[Extracted data entries]
────────
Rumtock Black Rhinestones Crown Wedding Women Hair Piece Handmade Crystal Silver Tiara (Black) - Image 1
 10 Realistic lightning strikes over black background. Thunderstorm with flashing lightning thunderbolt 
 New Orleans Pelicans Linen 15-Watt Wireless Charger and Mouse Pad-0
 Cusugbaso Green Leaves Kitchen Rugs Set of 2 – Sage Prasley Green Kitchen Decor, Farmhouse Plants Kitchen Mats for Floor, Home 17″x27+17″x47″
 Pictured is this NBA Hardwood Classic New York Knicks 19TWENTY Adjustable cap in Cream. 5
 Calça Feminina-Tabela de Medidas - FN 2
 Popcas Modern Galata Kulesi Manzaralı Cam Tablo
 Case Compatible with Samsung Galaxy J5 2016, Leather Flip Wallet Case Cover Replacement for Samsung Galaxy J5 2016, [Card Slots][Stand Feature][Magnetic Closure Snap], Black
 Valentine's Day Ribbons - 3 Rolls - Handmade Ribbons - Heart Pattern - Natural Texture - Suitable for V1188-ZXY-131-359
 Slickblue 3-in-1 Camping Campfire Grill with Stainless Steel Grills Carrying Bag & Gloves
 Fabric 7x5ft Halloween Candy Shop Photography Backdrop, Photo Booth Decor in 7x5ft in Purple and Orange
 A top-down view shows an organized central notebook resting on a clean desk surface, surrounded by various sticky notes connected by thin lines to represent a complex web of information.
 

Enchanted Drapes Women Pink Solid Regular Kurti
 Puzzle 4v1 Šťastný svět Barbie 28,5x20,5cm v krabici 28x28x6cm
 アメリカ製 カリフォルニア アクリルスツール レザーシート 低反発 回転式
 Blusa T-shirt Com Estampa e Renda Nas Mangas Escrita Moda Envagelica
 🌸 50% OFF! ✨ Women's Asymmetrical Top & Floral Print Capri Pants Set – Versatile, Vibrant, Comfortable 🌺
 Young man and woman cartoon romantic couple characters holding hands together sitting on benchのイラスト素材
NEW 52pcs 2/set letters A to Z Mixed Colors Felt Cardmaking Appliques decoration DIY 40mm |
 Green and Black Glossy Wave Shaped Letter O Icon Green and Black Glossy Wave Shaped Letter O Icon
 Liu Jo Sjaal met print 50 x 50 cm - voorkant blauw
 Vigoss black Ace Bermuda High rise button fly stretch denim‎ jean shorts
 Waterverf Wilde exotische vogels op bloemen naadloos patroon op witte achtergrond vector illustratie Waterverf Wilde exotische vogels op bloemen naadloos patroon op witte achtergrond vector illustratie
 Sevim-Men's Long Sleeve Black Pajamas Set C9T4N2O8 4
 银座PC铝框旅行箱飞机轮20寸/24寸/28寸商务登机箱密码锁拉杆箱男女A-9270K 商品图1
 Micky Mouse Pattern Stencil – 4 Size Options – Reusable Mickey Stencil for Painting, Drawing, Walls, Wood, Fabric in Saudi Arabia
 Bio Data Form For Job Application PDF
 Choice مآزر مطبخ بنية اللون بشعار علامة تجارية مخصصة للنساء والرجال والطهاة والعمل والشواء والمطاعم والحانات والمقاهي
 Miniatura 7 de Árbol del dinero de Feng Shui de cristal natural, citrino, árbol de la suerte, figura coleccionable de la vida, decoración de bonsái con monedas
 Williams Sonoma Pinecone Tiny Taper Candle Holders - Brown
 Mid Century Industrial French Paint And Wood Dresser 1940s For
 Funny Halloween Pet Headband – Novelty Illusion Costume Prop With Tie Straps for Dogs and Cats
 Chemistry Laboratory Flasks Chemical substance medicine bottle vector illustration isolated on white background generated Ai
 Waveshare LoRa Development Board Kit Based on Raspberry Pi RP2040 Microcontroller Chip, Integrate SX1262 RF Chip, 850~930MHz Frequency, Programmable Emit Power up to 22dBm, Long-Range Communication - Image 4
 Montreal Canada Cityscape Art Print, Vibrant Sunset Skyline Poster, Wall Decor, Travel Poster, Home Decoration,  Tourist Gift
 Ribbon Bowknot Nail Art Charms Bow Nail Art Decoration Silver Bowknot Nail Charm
────────
EXERCISE —
All of the records should be transcribed exactly, with nothing left out.

PROBLEM SOLUTION —
Rumtock Black Rhinestones Crown Wedding Women Hair Piece Handmade Crystal Silver Tiara (Black) - Image 1
 10 Realistic lightning strikes over black background. Thunderstorm with flashing lightning thunderbolt 
 New Orleans Pelicans Linen 15-Watt Wireless Charger and Mouse Pad-0
 Cusugbaso Green Leaves Kitchen Rugs Set of 2 – Sage Prasley Green Kitchen Decor, Farmhouse Plants Kitchen Mats for Floor, Home 17″x27+17″x47″
 Pictured is this NBA Hardwood Classic New York Knicks 19TWENTY Adjustable cap in Cream. 5
 Calça Feminina-Tabela de Medidas - FN 2
 Popcas Modern Galata Kulesi Manzaralı Cam Tablo
 Case Compatible with Samsung Galaxy J5 2016, Leather Flip Wallet Case Cover Replacement for Samsung Galaxy J5 2016, [Card Slots][Stand Feature][Magnetic Closure Snap], Black
 Valentine's Day Ribbons - 3 Rolls - Handmade Ribbons - Heart Pattern - Natural Texture - Suitable for V1188-ZXY-131-359
 Slickblue 3-in-1 Camping Campfire Grill with Stainless Steel Grills Carrying Bag & Gloves
 Fabric 7x5ft Halloween Candy Shop Photography Backdrop, Photo Booth Decor in 7x5ft in Purple and Orange
 A top-down view shows an organized central notebook resting on a clean desk surface, surrounded by various sticky notes connected by thin lines to represent a complex web of information.
 

Enchanted Drapes Women Pink Solid Regular Kurti
 Puzzle 4v1 Šťastný svět Barbie 28,5x20,5cm v krabici 28x28x6cm
 アメリカ製 カリフォルニア アクリルスツール レザーシート 低反発 回転式
 Blusa T-shirt Com Estampa e Renda Nas Mangas Escrita Moda Envagelica
 🌸 50% OFF! ✨ Women's Asymmetrical Top & Floral Print Capri Pants Set – Versatile, Vibrant, Comfortable 🌺
 Young man and woman cartoon romantic couple characters holding hands together sitting on benchのイラスト素材
NEW 52pcs 2/set letters A to Z Mixed Colors Felt Cardmaking Appliques decoration DIY 40mm |
 Green and Black Glossy Wave Shaped Letter O Icon Green and Black Glossy Wave Shaped Letter O Icon
 Liu Jo Sjaal met print 50 x 50 cm - voorkant blauw
 Vigoss black Ace Bermuda High rise button fly stretch denim‎ jean shorts
 Waterverf Wilde exotische vogels op bloemen naadloos patroon op witte achtergrond vector illustratie Waterverf Wilde exotische vogels op bloemen naadloos patroon op witte achtergrond vector illustratie
 Sevim-Men's Long Sleeve Black Pajamas Set C9T4N2O8 4
 银座PC铝框旅行箱飞机轮20寸/24寸/28寸商务登机箱密码锁拉杆箱男女A-9270K 商品图1
 Micky Mouse Pattern Stencil – 4 Size Options – Reusable Mickey Stencil for Painting, Drawing, Walls, Wood, Fabric in Saudi Arabia
 Bio Data Form For Job Application PDF
 Choice مآزر مطبخ بنية اللون بشعار علامة تجارية مخصصة للنساء والرجال والطهاة والعمل والشواء والمطاعم والحانات والمقاهي
 Miniatura 7 de Árbol del dinero de Feng Shui de cristal natural, citrino, árbol de la suerte, figura coleccionable de la vida, decoración de bonsái con monedas
 Williams Sonoma Pinecone Tiny Taper Candle Holders - Brown
 Mid Century Industrial French Paint And Wood Dresser 1940s For
 Funny Halloween Pet Headband – Novelty Illusion Costume Prop With Tie Straps for Dogs and Cats
 Chemistry Laboratory Flasks Chemical substance medicine bottle vector illustration isolated on white background generated Ai
 Waveshare LoRa Development Board Kit Based on Raspberry Pi RP2040 Microcontroller Chip, Integrate SX1262 RF Chip, 850~930MHz Frequency, Programmable Emit Power up to 22dBm, Long-Range Communication - Image 4
 Montreal Canada Cityscape Art Print, Vibrant Sunset Skyline Poster, Wall Decor, Travel Poster, Home Decoration,  Tourist Gift
 Ribbon Bowknot Nail Art Charms Bow Nail Art Decoration Silver Bowknot Nail Charm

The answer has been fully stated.